FrontPage/2011-10-17
錫杖岳本峰
北アルプスの南西の端に位置する錫杖岳に登ってきました。
ここはクライマーの間では有名ですが、一般登山者にとっては北アルプスの中でも、
最も名前の売れていない山の一つです。
理由は、標高が2168mと周りの山と比べるとはるかに低いことと、
端にあるためその圧倒的な岩壁が隠れてしまっているからでしょう。
そして、錫杖岳の山頂へは整備された登山道がないというのが一番の理由だと思います。
錫杖岳へはまず槍見温泉から笠ヶ岳へのクリヤ谷登山道を登って行きます。
クリヤ谷の渡渉点を過ぎて1時間ほど登ると左手に錫杖沢が出合います。
踏み跡に従って、クライマーのテン場を過ぎるともう一度クリヤ谷を渡り、
錫杖沢へ入ります。
錫杖沢出合。
ここの紅葉はとにかく素晴らしかった…。
今シーズン一番のコントラストでした。
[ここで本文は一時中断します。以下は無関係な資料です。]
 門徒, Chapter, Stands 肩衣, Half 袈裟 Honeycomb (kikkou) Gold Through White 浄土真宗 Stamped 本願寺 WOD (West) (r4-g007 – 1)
今まで見た紅葉の中でも一、二を争う美しさ。
ここから錫杖沢を詰めていきます。
岩舎までは右岸の踏み跡を利用できます。岩舎への入口は見落としやすいので注意しましょう。
分県登山ガイドでは「岩舎で北沢を分けるので、左の沢へ入る」とありますが、これは間違い。
北沢はほとんど見分けがつかない感じで分かれていきますので。岩舎を左に見て、素直に錫杖沢を詰めていきます。
30分ほど登ると明瞭な二俣につきます。
右俣には赤ペンキでルートマークがついています。
右俣は難しい滝などはありませんが、上部で笹薮のトラバースなどがあり、ルートを失いやすいので注意。
不安な人は、左俣を詰めれば迷う心配はありません。
左俣はいくつか滝がありますが、それほど難しいものはありません。お助けロープも3つほど残置されています。
右・左ともに上部は笹が多くなってきます。
最終的に稜線へとでますが、右俣はすぐに錫杖岳本峰への取付き点へ、左俣は取付きの50mほど左側へとでます。
私のお勧めは左俣のピストンです。
稜線に出たら、本峰の登りになりますが、いくつか岩峰を巻いていきます。
基本的には左巻きです。
根っこをまたいだり、枝をくぐったりして行くと突然、本峰頂上へと飛び出します。
本峰頂上からの眺望は素晴らしいものがあります。
まず笠ヶ岳への稜線が目の前に続いています。
そして槍穂連峰がバランスよく連なっています。
眼下の烏帽子岩前衛フェースには左方カンテを登るクライマーの姿が見えました。
ちなみに黄色の塊は錫杖沢出合にあったテントです。
出合から一気に高度が上がっているのが分かります。
誰もいない山頂での憩。
眼下には紅葉の海。
風は爽やかで暑すぎず寒すぎず。
この時期、季節は目に見えて移ろっていきます。
錫杖岳は紅葉の名所でもありました。